[DATASET RECORDS]:
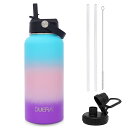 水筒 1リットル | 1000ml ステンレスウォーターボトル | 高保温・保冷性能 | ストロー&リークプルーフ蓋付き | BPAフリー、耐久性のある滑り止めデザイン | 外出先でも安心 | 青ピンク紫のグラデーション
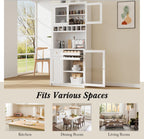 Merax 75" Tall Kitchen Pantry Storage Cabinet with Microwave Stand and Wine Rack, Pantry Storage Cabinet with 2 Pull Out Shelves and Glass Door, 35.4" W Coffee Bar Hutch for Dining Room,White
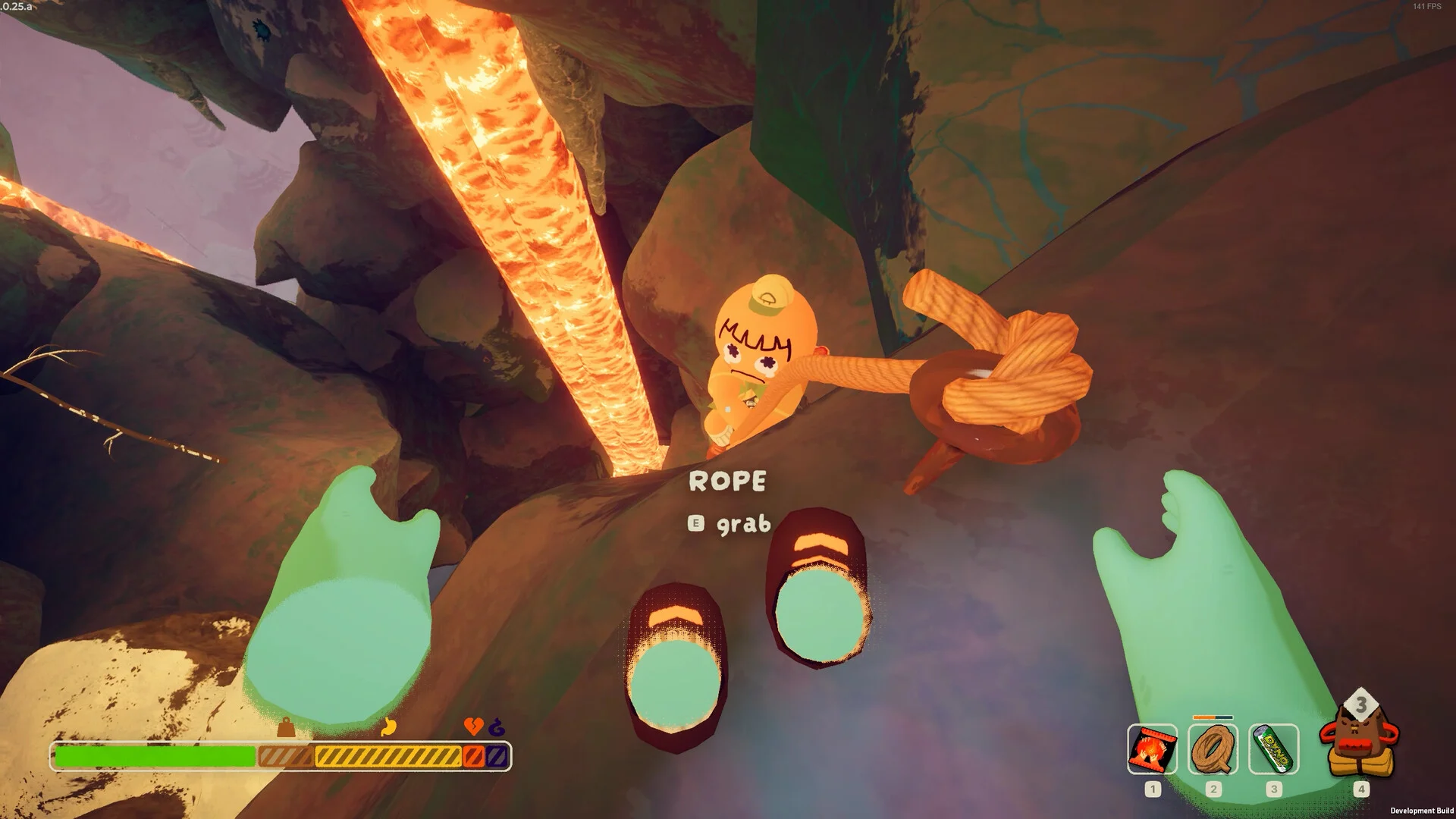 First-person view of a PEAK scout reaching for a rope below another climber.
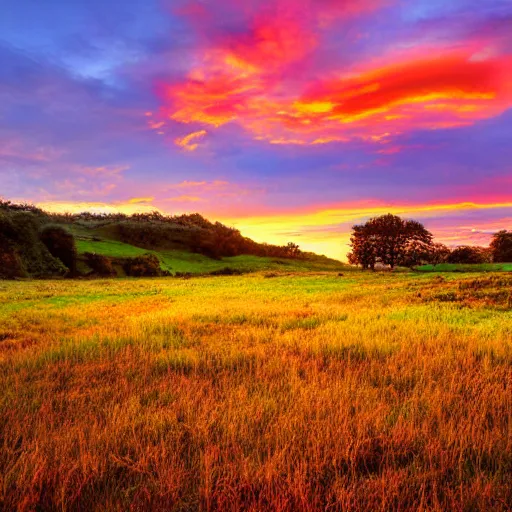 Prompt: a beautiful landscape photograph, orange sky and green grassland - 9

---

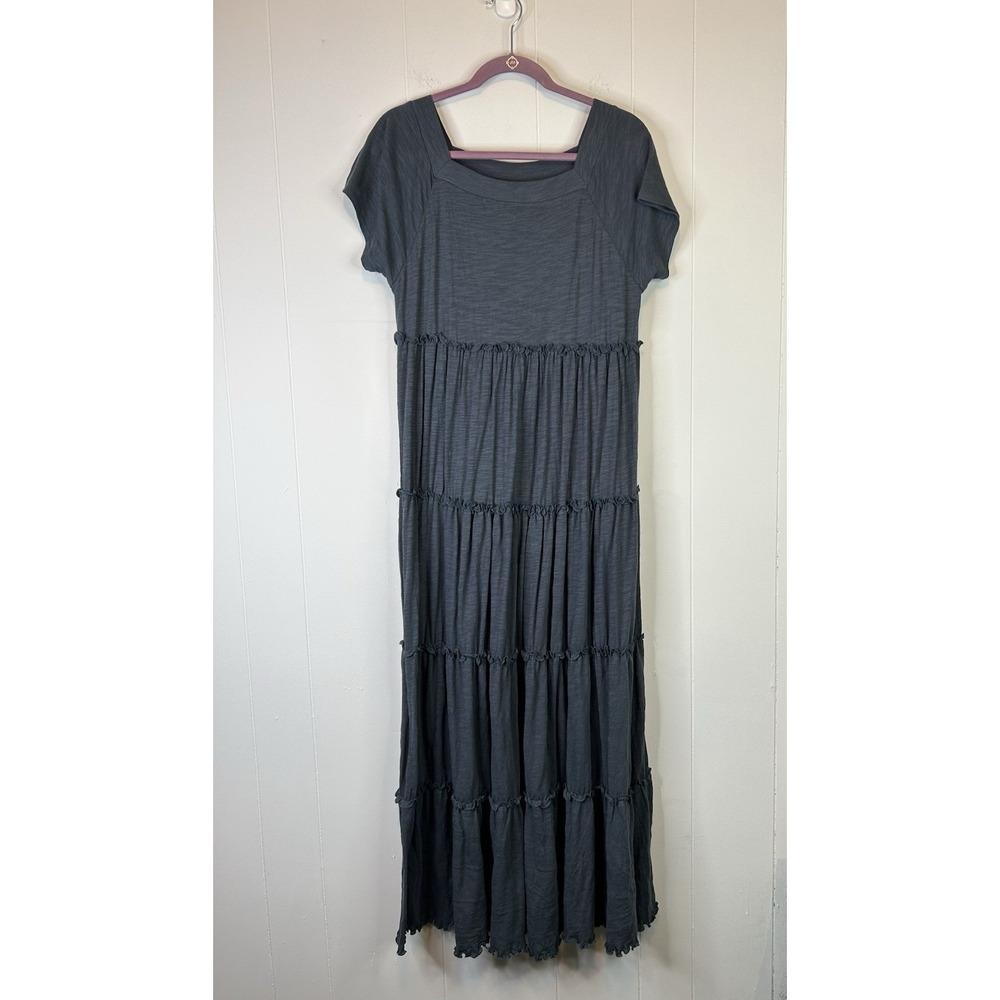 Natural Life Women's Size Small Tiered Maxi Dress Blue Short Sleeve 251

...

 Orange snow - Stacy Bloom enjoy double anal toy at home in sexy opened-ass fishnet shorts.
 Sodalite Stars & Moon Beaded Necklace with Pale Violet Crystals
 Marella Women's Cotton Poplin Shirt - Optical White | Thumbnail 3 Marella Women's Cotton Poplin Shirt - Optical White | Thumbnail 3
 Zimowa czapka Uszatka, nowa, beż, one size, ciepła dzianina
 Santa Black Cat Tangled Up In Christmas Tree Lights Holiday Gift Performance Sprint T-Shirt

[WHAT IS REQUIRED]: From the records above, extract the lines from the one holding "水筒 1リットル | 1000ml" through the one holding "First-person view of", word for word; omit the pictures.

[EXERCISE RESULT]:
 水筒 1リットル | 1000ml ステンレスウォーターボトル | 高保温・保冷性能 | ストロー&リークプルーフ蓋付き | BPAフリー、耐久性のある滑り止めデザイン | 外出先でも安心 | 青ピンク紫のグラデーション
 Merax 75" Tall Kitchen Pantry Storage Cabinet with Microwave Stand and Wine Rack, Pantry Storage Cabinet with 2 Pull Out Shelves and Glass Door, 35.4" W Coffee Bar Hutch for Dining Room,White
 First-person view of a PEAK scout reaching for a rope below another climber.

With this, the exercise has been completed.